The investigation into the port explosion, which killed more than 200 people, is at the center of Thursday’s uproar. The investigation – the biggest legal challenge to Lebanon’s ruling elite, which also has a hold from the civil war – is widely seen as a potential milestone, a tool through which the country can trace its blood-soaked past. may start leaving.

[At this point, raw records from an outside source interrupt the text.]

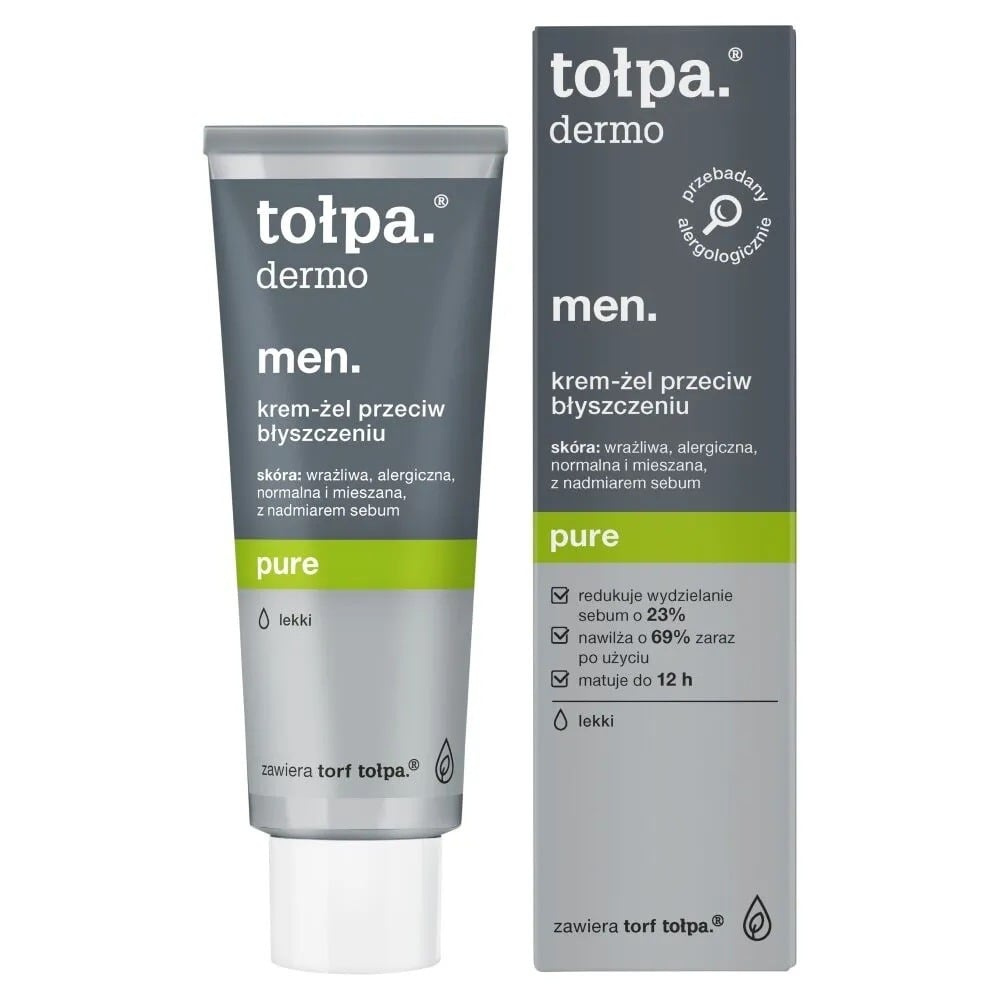 Tolpa Dermo Men Pure Mattifying Cream-Gel For Face Reducing Blackheads 40ml
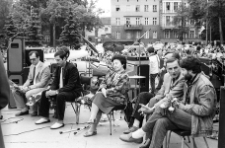 Solidarność 1989 wybory parlamentarne [wiec przedwyborczy przed słupskim ratuszem 6]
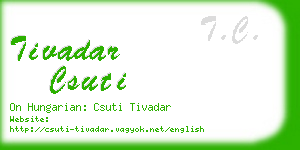 tivadar csuti business card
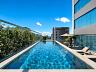 Terra�o privativo do apartamento garden com piscina, solarium e total privacidade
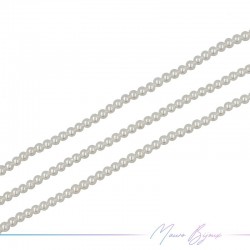Majorcan Pearls Cream Sphere 4mm (Thread of 40 cm)
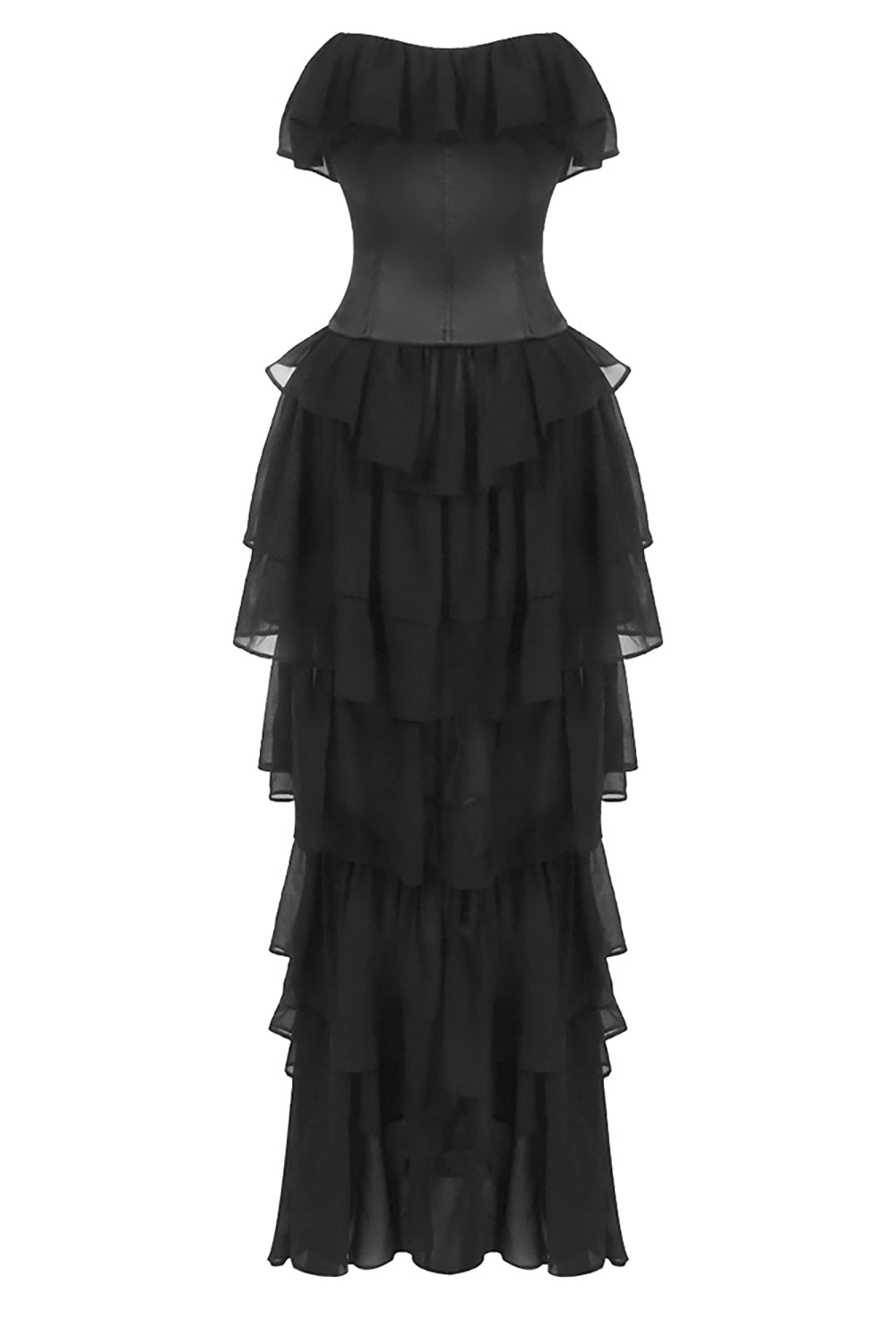 Strapless Corset Ballet Russes Gown in Black  CHICIDA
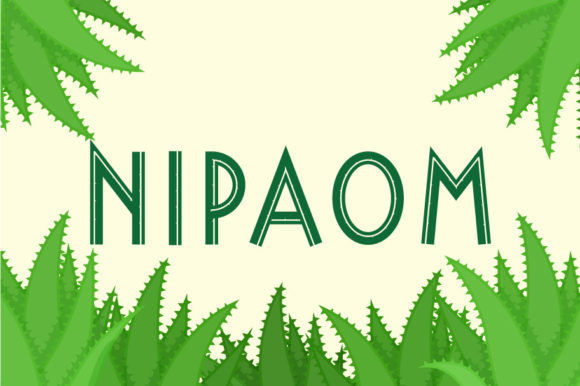 Nipaom Font for Bold Branding and Eye-Catching Designs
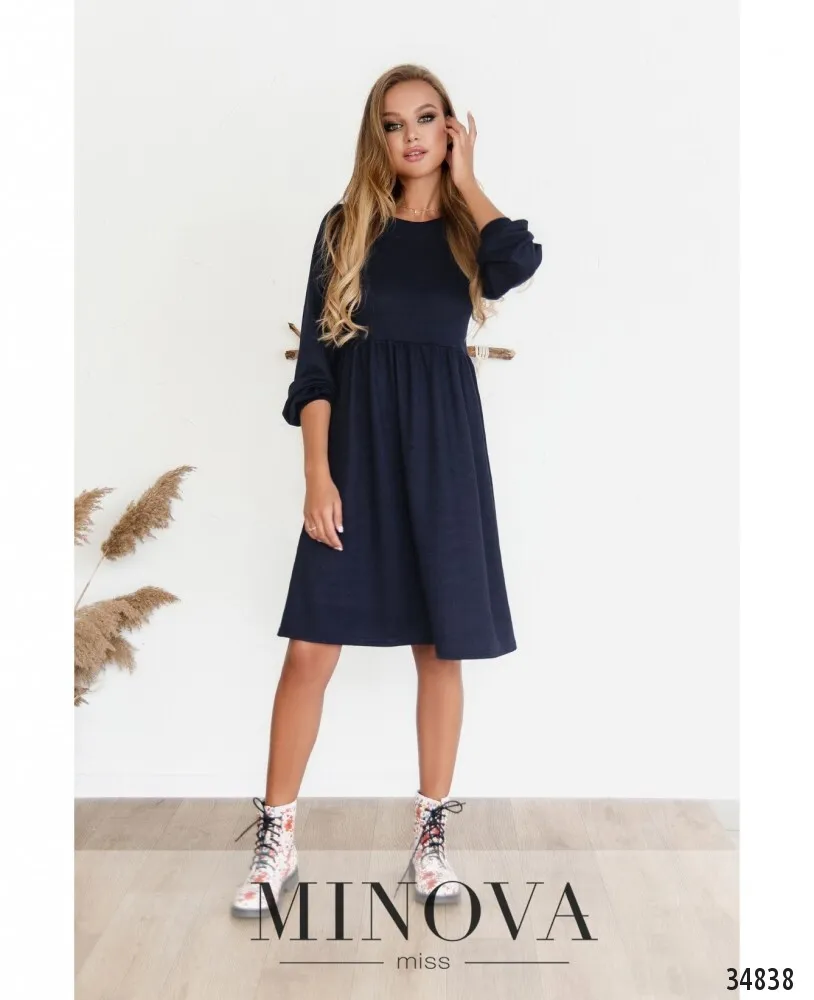 Платье 3129Н-темно-синий Minova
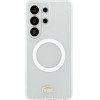 LACOSTE PC/Tpu Frosted Finish Gold Logo Magnetic Case For Samsung Galaxy S26 Ultra White - (LCHMS26LUFWAH)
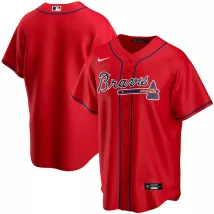 Men's Atlanta Braves Nike Red Alternate Replica Team Jersey - thejerseys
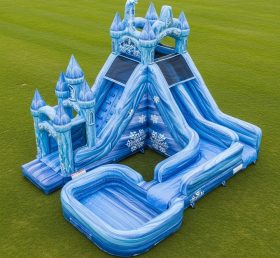 T8-7235 Frozen Theme Inflatable Water Slide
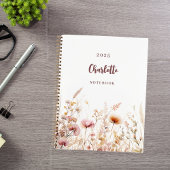 Wildbloemweide roze beige notitieboek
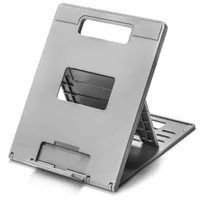 Kensington K50421EU SmartFit Easy Riser Go laptop állvány 14" állítható magasság 215 mm csúszásgátló lábak összecsukható szürke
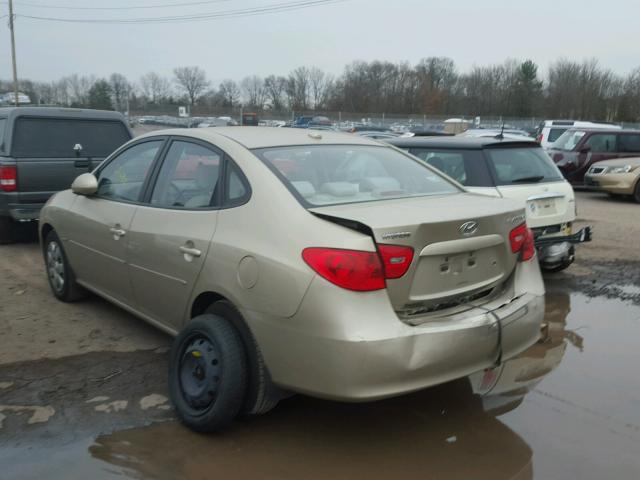 KMHDU46D17U139270 - 2007 HYUNDAI ELANTRA GL TAN photo 3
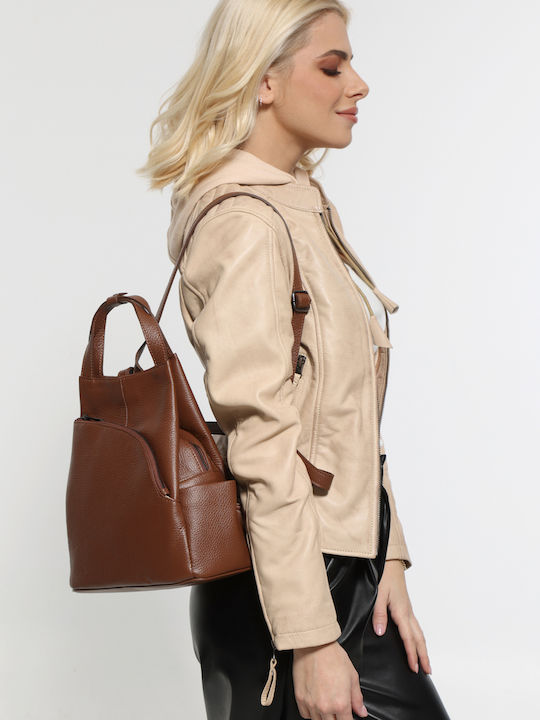 Hellblaue Damen-Ledertasche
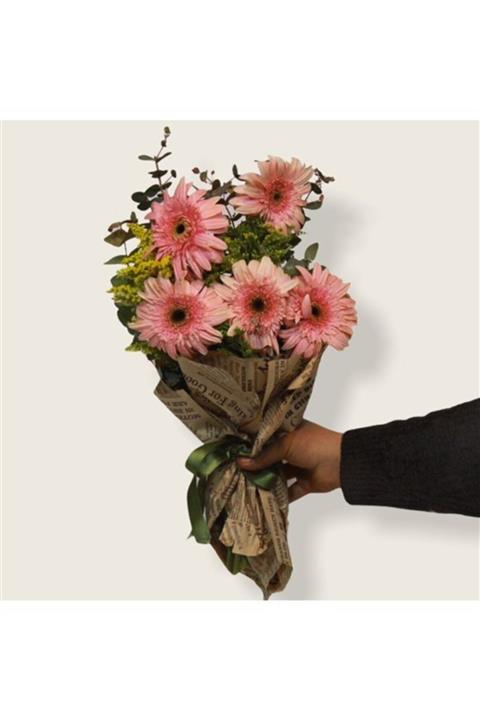 Çiçek Yolla Pembe Gerbera Buketi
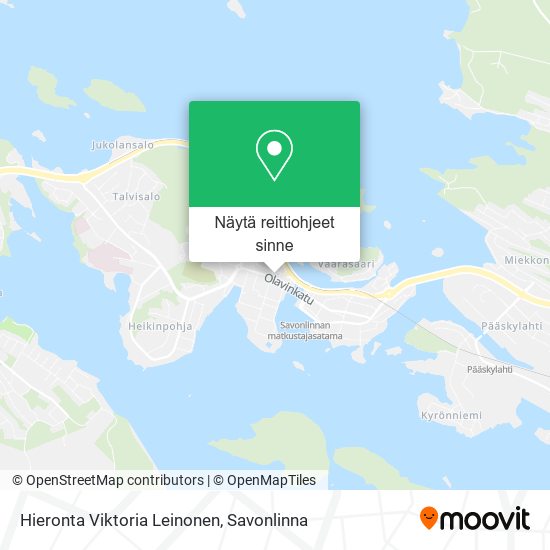 Hieronta Viktoria Leinonen kartta
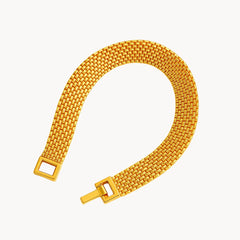 Mesh of Gold Luxe Chain Bracelet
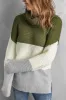 Color Block Turtleneck Long Sleeve Sweater sold by Charming Charlie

Thursday’s fighters appear eager to keep the small Mediterranean country stuck in a past, when the population has cast overwhelming support for a better future. Judge Tarek Bitter, who is leading the investigation, has emerged as one of those advocates. Hezbollah, on the other hand, has established itself as Bitter’s most vocal opponent.
People of all religions suffered casualties in the August 2020 blast. In Lebanon’s religious circle, people want justice. In the same vein, Hezbollah – which has so far not been prosecuted in the investigation – has led a political offensive on the part of a multi-religious elite.
So the divisions do not play along Lebanon’s age-old confessional lines. Instead some say that observers should look at the implications of the investigation itself. The investigation into the Beirut explosion has shocked the political elite in such a way that the explosion, one of the largest non-nuclear explosions in history, could not have taken place.
After unsuccessfully petitioning to remove Bitter from his post, the ruling class appears to be trembling in its shoes. It is the same elite that survived a civil war, thanks to an amnesty law that marked the end of the conflict, and was largely taken aback by the nationwide popular uprising of October 2019 and the devastating economic devastation that followed.
The effects of the investigation could extend beyond Lebanon and into the Arab world at large. It is a region known for brazenly undermining its judiciary, even as an increasingly frustrated Arab youth has a growing appetite for accountability.
If, against all odds, Bitter can see through to his investigation, he can set a precedent for the entire field. Arab leaders should pay attention.